START SOURCE DATA

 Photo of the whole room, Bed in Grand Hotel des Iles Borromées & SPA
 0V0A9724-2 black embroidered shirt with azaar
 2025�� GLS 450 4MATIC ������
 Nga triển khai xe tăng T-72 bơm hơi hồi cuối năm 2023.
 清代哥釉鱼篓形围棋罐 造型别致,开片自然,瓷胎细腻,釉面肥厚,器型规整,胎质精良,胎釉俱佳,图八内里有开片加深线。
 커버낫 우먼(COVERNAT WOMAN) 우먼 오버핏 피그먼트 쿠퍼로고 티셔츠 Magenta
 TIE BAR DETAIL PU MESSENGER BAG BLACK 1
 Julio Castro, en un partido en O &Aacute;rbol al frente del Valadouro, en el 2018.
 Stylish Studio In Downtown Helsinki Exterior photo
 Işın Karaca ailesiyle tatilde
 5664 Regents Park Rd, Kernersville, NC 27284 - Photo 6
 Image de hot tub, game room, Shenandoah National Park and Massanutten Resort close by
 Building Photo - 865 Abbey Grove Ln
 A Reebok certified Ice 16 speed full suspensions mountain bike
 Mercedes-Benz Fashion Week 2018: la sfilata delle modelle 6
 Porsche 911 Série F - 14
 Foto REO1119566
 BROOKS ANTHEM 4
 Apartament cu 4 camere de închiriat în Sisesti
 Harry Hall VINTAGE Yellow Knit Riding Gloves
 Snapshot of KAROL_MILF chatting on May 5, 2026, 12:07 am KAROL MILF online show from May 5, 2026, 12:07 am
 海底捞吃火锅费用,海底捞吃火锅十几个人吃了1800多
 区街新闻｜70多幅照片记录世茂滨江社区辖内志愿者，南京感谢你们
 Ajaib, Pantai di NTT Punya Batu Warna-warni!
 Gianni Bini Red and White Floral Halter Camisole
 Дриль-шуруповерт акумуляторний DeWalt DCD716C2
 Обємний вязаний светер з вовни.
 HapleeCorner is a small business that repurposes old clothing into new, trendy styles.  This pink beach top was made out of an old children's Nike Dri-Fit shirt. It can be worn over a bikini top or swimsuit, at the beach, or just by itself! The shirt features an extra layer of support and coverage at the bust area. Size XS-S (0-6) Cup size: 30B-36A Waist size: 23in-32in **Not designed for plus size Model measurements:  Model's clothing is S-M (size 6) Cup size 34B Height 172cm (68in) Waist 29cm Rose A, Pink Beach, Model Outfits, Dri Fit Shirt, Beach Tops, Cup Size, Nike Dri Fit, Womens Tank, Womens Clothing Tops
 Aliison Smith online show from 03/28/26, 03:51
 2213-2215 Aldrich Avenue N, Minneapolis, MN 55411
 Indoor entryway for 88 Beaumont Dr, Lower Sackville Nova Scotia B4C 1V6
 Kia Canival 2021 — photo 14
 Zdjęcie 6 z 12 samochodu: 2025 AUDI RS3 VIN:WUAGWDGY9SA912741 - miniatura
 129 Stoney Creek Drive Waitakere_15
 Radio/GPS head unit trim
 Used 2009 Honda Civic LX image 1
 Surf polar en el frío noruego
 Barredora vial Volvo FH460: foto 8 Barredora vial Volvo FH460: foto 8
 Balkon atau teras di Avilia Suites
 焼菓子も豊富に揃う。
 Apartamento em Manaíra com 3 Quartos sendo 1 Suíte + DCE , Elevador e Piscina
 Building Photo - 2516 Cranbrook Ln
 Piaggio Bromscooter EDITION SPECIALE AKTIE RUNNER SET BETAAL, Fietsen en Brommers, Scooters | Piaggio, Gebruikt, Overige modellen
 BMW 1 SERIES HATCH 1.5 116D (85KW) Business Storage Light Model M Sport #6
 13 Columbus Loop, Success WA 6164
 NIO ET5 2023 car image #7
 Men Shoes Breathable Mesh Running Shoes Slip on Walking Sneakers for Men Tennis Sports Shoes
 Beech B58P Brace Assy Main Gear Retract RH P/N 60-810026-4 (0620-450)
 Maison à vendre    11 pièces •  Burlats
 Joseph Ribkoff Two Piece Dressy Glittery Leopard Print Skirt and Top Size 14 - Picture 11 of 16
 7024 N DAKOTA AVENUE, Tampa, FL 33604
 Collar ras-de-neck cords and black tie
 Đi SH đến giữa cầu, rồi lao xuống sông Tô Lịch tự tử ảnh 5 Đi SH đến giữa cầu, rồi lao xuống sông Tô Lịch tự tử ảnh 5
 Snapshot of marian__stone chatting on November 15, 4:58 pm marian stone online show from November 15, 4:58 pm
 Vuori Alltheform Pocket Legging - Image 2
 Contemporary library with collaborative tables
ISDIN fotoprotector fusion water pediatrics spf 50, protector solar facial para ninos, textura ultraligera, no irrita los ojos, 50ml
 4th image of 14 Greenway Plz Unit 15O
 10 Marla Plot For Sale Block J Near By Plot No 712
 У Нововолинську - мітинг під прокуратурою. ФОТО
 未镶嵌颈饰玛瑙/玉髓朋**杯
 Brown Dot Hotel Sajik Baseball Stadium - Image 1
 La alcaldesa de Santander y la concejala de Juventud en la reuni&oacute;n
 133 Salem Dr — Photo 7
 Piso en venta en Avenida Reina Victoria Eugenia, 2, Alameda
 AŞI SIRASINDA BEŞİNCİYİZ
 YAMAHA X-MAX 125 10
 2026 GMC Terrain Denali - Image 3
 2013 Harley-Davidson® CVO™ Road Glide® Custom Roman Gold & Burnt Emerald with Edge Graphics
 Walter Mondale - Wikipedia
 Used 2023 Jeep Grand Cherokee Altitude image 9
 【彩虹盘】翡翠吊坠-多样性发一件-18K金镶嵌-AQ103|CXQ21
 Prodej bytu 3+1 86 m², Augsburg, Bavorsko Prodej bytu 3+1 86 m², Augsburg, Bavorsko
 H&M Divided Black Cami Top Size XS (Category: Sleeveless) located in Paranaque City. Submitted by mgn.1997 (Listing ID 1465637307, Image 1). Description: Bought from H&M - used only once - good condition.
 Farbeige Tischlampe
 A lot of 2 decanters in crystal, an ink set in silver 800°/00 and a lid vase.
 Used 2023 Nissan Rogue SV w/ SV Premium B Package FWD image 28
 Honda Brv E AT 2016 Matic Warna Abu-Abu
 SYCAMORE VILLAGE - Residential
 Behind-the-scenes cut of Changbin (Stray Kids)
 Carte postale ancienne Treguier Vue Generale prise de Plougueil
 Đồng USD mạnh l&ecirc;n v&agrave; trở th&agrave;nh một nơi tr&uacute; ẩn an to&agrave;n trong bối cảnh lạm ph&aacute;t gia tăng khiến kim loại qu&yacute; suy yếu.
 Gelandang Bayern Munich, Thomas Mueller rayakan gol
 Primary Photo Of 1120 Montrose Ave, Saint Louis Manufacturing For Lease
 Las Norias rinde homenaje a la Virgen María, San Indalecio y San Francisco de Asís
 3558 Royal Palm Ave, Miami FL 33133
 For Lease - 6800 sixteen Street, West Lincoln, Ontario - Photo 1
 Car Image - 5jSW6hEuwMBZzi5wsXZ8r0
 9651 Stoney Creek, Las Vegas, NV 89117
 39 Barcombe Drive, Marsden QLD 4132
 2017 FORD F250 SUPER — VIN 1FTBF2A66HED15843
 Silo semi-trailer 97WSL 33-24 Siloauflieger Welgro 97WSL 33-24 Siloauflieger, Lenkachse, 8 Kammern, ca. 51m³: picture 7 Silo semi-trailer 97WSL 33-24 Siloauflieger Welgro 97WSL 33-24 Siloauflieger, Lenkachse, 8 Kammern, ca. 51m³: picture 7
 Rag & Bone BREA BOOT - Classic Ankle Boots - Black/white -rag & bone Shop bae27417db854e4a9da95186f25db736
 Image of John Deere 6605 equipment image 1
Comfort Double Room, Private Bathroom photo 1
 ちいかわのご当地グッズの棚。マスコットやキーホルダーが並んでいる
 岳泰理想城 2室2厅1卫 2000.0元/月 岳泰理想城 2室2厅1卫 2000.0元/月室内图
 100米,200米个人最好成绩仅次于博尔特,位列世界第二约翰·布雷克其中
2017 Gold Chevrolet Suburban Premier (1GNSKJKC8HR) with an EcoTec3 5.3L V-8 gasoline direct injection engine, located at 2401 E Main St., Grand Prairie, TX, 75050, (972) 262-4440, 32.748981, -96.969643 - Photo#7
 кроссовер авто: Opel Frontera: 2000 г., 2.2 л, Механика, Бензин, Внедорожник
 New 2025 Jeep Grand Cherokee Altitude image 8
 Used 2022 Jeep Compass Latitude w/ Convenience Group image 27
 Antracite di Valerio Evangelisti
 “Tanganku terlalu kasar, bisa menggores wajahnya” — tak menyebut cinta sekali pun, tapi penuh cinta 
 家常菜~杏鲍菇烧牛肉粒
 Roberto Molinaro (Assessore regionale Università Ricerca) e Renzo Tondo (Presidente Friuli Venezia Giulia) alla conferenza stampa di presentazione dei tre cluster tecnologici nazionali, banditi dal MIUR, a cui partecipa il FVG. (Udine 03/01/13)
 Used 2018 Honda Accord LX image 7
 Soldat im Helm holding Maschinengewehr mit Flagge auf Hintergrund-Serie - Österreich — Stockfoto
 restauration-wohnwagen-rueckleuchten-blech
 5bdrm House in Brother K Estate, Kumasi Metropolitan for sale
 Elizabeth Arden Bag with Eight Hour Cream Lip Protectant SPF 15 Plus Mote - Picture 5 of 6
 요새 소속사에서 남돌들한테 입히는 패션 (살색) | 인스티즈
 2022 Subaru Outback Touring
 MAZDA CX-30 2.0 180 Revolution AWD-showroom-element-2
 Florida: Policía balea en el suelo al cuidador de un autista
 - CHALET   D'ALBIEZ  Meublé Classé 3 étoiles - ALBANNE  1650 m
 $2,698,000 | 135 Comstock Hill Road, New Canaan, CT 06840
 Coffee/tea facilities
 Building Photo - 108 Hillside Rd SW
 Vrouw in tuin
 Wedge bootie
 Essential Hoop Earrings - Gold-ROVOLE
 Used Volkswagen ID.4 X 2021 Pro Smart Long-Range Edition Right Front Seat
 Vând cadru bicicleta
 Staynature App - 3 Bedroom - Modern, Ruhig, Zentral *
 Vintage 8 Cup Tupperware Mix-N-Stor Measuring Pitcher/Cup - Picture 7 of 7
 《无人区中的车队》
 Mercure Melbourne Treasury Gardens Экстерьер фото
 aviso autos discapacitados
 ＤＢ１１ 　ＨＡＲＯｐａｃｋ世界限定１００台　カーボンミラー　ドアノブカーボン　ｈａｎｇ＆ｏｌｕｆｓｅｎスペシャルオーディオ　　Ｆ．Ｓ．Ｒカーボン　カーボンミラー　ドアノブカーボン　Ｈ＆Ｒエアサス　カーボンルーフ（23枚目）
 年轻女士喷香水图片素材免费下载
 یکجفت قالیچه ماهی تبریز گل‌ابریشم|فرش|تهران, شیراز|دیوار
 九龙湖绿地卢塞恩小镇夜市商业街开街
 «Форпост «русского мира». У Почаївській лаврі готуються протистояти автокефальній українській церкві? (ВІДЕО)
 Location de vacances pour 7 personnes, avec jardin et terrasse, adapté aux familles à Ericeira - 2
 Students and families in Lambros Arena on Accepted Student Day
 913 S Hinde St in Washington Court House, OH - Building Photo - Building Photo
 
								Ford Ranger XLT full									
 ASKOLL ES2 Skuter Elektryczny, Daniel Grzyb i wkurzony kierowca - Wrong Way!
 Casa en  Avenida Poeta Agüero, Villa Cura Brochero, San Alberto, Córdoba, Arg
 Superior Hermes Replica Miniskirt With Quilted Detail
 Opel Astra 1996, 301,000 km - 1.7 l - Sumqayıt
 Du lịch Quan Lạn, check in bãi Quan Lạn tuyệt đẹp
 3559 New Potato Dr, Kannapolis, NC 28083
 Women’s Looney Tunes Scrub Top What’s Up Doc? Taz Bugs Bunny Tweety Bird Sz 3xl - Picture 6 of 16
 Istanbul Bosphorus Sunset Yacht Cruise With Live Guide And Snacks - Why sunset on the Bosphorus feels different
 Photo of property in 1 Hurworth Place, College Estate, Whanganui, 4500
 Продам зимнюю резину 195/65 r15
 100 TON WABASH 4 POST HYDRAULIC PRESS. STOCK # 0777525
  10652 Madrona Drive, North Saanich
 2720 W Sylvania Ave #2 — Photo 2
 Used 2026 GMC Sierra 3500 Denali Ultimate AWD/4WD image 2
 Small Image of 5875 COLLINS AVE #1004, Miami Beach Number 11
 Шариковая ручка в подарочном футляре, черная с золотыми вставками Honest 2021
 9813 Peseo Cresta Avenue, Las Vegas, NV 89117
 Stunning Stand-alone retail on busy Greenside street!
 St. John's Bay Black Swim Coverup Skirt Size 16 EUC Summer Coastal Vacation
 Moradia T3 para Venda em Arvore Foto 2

END SOURCE DATA

> GOAL OF THE EXERCISE
Among the entries above, locate the lines containing "海底捞吃火锅费用,海底捞吃火锅十几个人吃了1800多" and "tử ảnh 5 Đi", and transcribe exactly those two lines and all lines between.

> SOLUTION TO THIS TASK
 海底捞吃火锅费用,海底捞吃火锅十几个人吃了1800多
 区街新闻｜70多幅照片记录世茂滨江社区辖内志愿者，南京感谢你们
 Ajaib, Pantai di NTT Punya Batu Warna-warni!
 Gianni Bini Red and White Floral Halter Camisole
 Дриль-шуруповерт акумуляторний DeWalt DCD716C2
 Обємний вязаний светер з вовни.
 HapleeCorner is a small business that repurposes old clothing into new, trendy styles.  This pink beach top was made out of an old children's Nike Dri-Fit shirt. It can be worn over a bikini top or swimsuit, at the beach, or just by itself! The shirt features an extra layer of support and coverage at the bust area. Size XS-S (0-6) Cup size: 30B-36A Waist size: 23in-32in **Not designed for plus size Model measurements:  Model's clothing is S-M (size 6) Cup size 34B Height 172cm (68in) Waist 29cm Rose A, Pink Beach, Model Outfits, Dri Fit Shirt, Beach Tops, Cup Size, Nike Dri Fit, Womens Tank, Womens Clothing Tops
 Aliison Smith online show from 03/28/26, 03:51
 2213-2215 Aldrich Avenue N, Minneapolis, MN 55411
 Indoor entryway for 88 Beaumont Dr, Lower Sackville Nova Scotia B4C 1V6
 Kia Canival 2021 — photo 14
 Zdjęcie 6 z 12 samochodu: 2025 AUDI RS3 VIN:WUAGWDGY9SA912741 - miniatura
 129 Stoney Creek Drive Waitakere_15
 Radio/GPS head unit trim
 Used 2009 Honda Civic LX image 1
 Surf polar en el frío noruego
 Barredora vial Volvo FH460: foto 8 Barredora vial Volvo FH460: foto 8
 Balkon atau teras di Avilia Suites
 焼菓子も豊富に揃う。
 Apartamento em Manaíra com 3 Quartos sendo 1 Suíte + DCE , Elevador e Piscina
 Building Photo - 2516 Cranbrook Ln
 Piaggio Bromscooter EDITION SPECIALE AKTIE RUNNER SET BETAAL, Fietsen en Brommers, Scooters | Piaggio, Gebruikt, Overige modellen
 BMW 1 SERIES HATCH 1.5 116D (85KW) Business Storage Light Model M Sport #6
 13 Columbus Loop, Success WA 6164
 NIO ET5 2023 car image #7
 Men Shoes Breathable Mesh Running Shoes Slip on Walking Sneakers for Men Tennis Sports Shoes
 Beech B58P Brace Assy Main Gear Retract RH P/N 60-810026-4 (0620-450)
 Maison à vendre    11 pièces •  Burlats
 Joseph Ribkoff Two Piece Dressy Glittery Leopard Print Skirt and Top Size 14 - Picture 11 of 16
 7024 N DAKOTA AVENUE, Tampa, FL 33604
 Collar ras-de-neck cords and black tie
 Đi SH đến giữa cầu, rồi lao xuống sông Tô Lịch tự tử ảnh 5 Đi SH đến giữa cầu, rồi lao xuống sông Tô Lịch tự tử ảnh 5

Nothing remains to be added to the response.